INDIANAPOLIS (AP) - Lawmakers, educators and teachers’ unions all seem to agree: Indiana’s standardized ISTEP student exam is a flawed way of measuring student performance.

Many teachers and educators have long had reservations about the test, which has been administered to Indiana students since the late 1980s. But Republican Gov. Mike Pence and GOP lawmakers only recently got on board with plans to ditch the test, which came after they dropped national Common Core standards, resulting in last-minute changes made to state education policy that led to widespread problems with the 2015 ISTEP exam.

As legislation to eliminate the ISTEP moves forward, what remains to be determined is how students will be tested in the future, how to ensure a replacement exam will be fair and what impact the new federal education law will have.

DEATH OF THE ISTEP

Republican lawmakers have recently used terms like “disaster” and “mess” to describe the 2015 ISTEP exam, which was developed in a matter of months by CTB/McGraw-Hill, a testing vendor the state has since fired.

“We test too much in Indiana and we ought to let our teachers teach,” Pence said.

Key GOP lawmakers in the House and Senate support a provision that would eliminate the test by July 2017, though final details need to be worked out.

A bill passed by the Senate would create a 22-member panel of academic experts, teachers and administrators tasked with finding ways to reduce the testing costs, increase “fairness to schools, teachers and students” and take into account the new federal Every Student Succeeds Act.

Democratic state school Superintendent Glenda Ritz, who is frequently at odds with Pence, and her teachers’ union allies say they are pleased to see Republicans adopt an argument they have long been making, but remain cautious.

Ritz spokesman Daniel Altman said that for the task force to succeed, it needs to focus on “an education agenda rather than a political one.”

TESTING FATIGUE

The ISTEP exam has undergone major changes in recent years as federal and state education overhauls have resulted in higher-stakes tests that use student performance to determine school grades and teacher performance pay.

Intended to improve education quality, the constantly evolving standards for students and educators have contributed to a sense of testing fatigue that even advocates of the school accountability requirements acknowledge.

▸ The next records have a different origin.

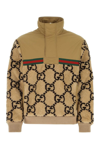 GUCCI GUCCI MONOGRAMMED CONTRASTING TEDDY JACKET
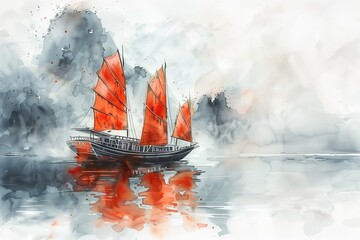 A stunning watercolor painting of a traditional boat with red sails navigating through misty waters.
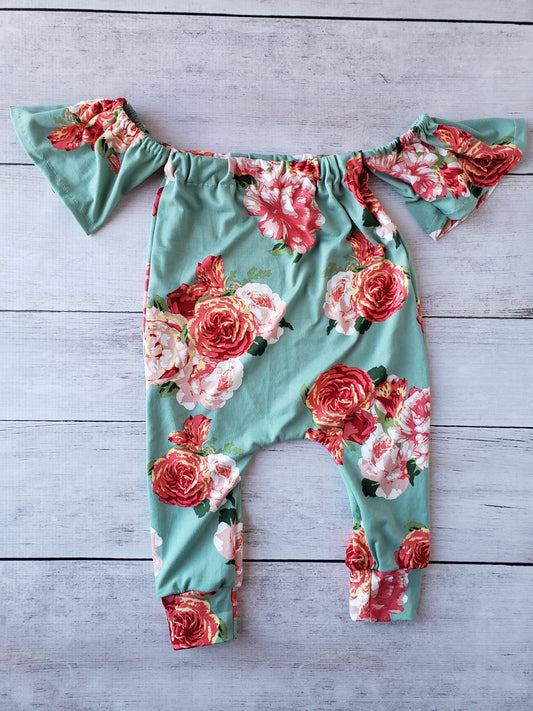 Mint Floral Cold Shoulder Romper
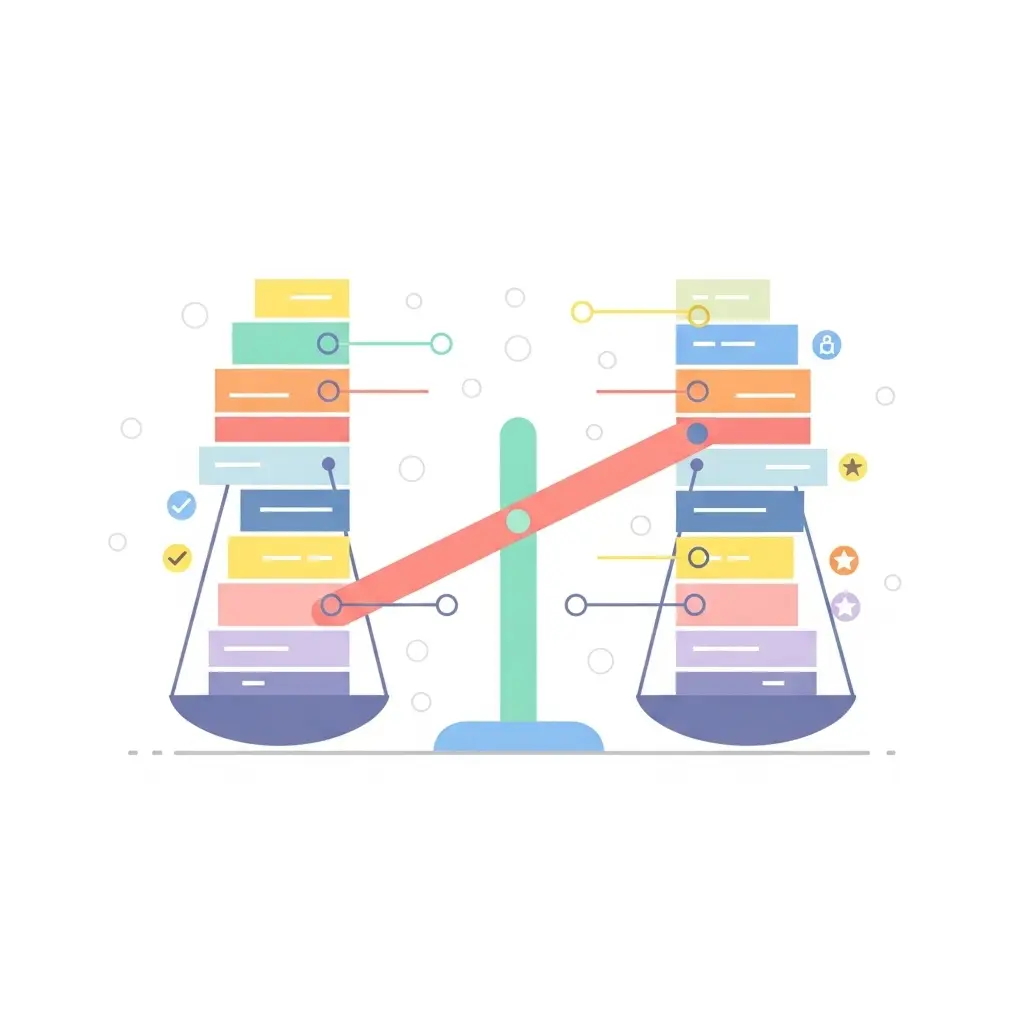 Ausgewogene Balance zwischen verschiedenen Kapiteln und Abschnitten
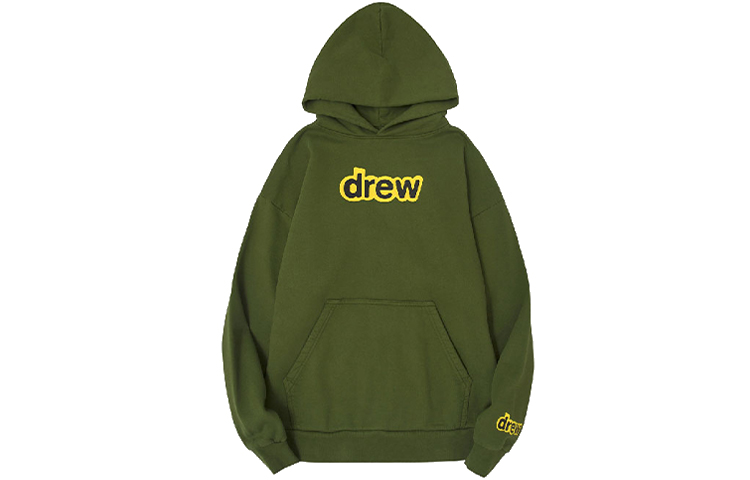 Drew House Logo Secret Hoodie Unisex Green Pullover Fleece for Fall DR-FW20-106 圖 2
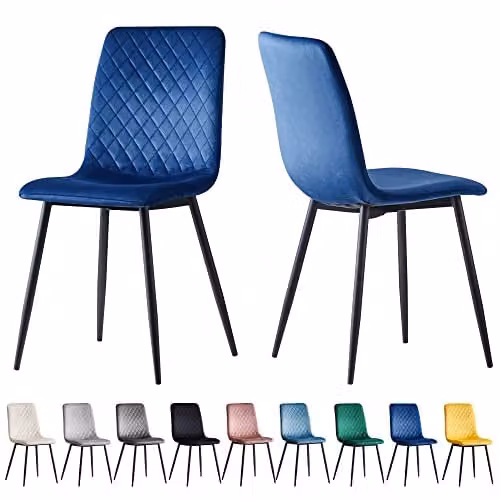 MCC Direct Set of 2 Lexi Velvet Fabric Upholstered Dining Chairs with Metal Legs in Blue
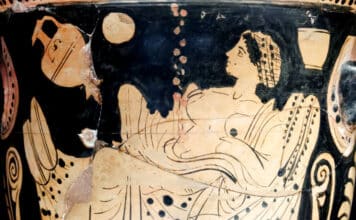 Die schöne Danaë und der Goldregen. Antike rotfigurige Vasenmalerei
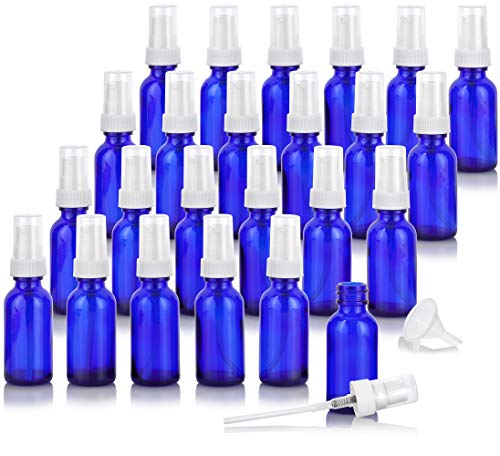 JUVITUS 1 oz / 30 ml Cobalt Blue Glass Boston Round Bottle with White Treatment Pump (24 pack) + Funnel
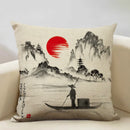 Axyaa Mount Fuji Retro Cushion Cover 45x45cm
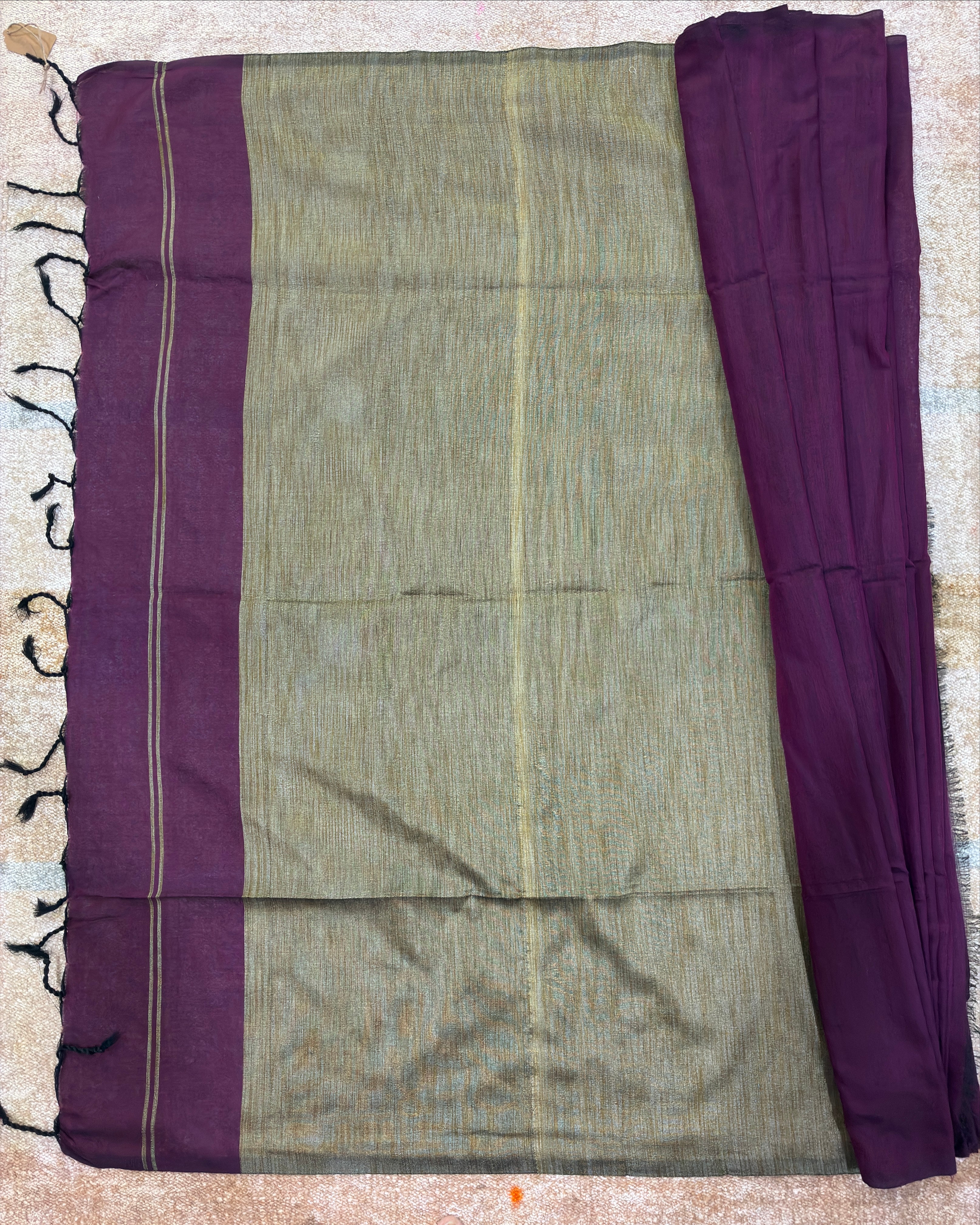Wine Color Khadi Saree
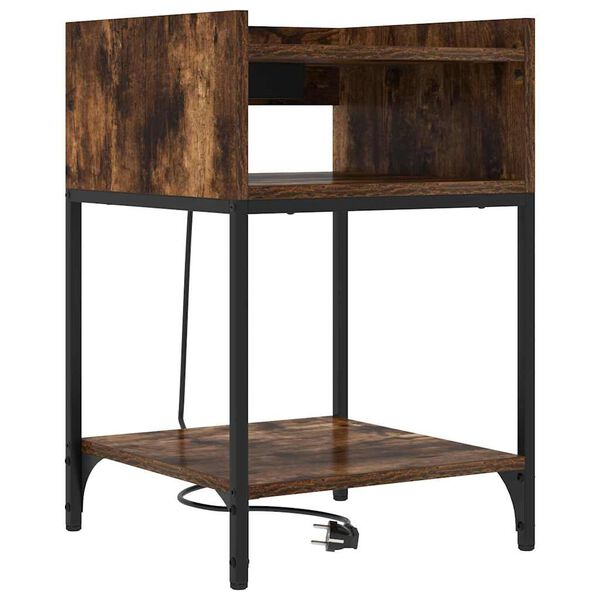 vidaXL Armario de Noche con estante Roble ahumado 40 x 40 x 61 cm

“You got freshmen in high school who have had three sets of standards since they started kindergarten,” said Teresa Meredith, union president of the Indiana State Teachers Association.

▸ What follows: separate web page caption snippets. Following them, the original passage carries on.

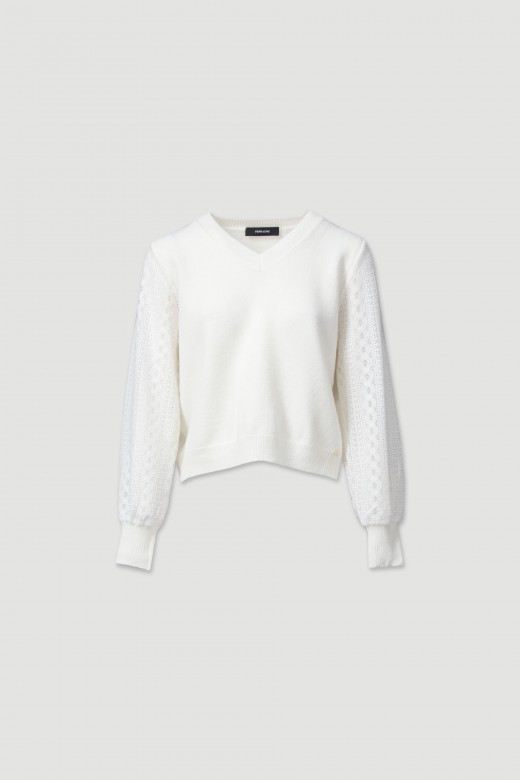 Pull en maille avec manches travailles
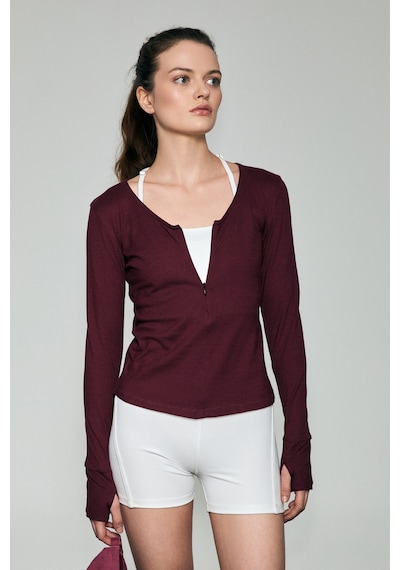 Grımelange Polunea Kadın V Yakalı Önü Fermuar Kapamalı Vücuda Oturan Slim Fit Bordo Bluz bordo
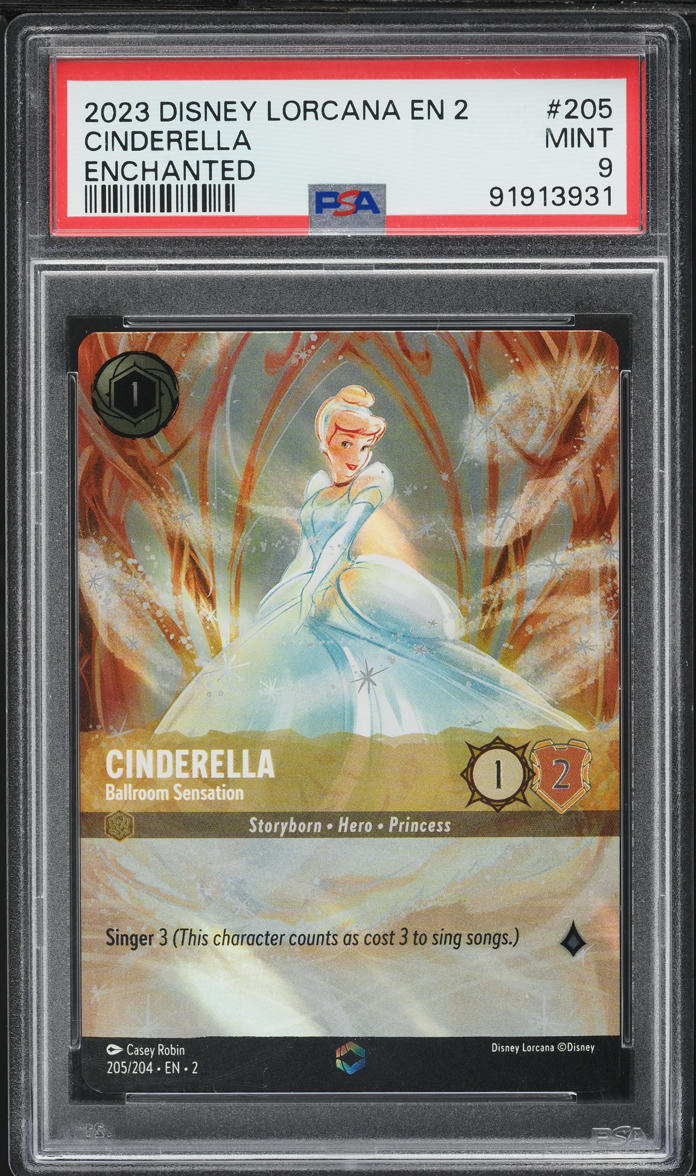 2023 Disney Lorcana Rise Of The Floodborn Enchanted Cinderella #205 PSA 9 MINT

Academic standards adopted in 2006 were dropped in 2010 for national Common Core math and English standards. But in 2014, GOP lawmakers, led by Pence, cut Common Core loose after conservative critics said the national benchmarks, which describe what students should know after completing each grade, amounted to a federal takeover of education.

Indiana-specific standards were then rushed into place for 2015 test, and students across the state performed poorly.

Senate Minority Leader Tim Lanane, of Anderson, said the GOP needs to stop tinkering and leave one education policy in place “for enough time to make sure it’s working and the educators are satisfied that it’s a tool that is effective.”

FEDERAL STANDARDS

The Every Student Succeeds Act was signed into law by President Barack Obama in December and is meant to give all states more flexibility in testing than the previous program, No Child Left Behind.

Pence said the new act provides an opportunity to “reconsider the ISTEP test and take a step back” to look for “ways we can do testing better.” The state’s new task force must report its findings, with the new federal act in mind, to lawmakers by December.

House Education Committee Chairman Bob Behning, an Indianapolis Republican, says he would like to see less rigidity in the next standardized exam.

“Let’s provide some more flexibility to move kids forward based on their skill level,” he said, adding, “we’re so tied to saying every kid is (a certain) level.”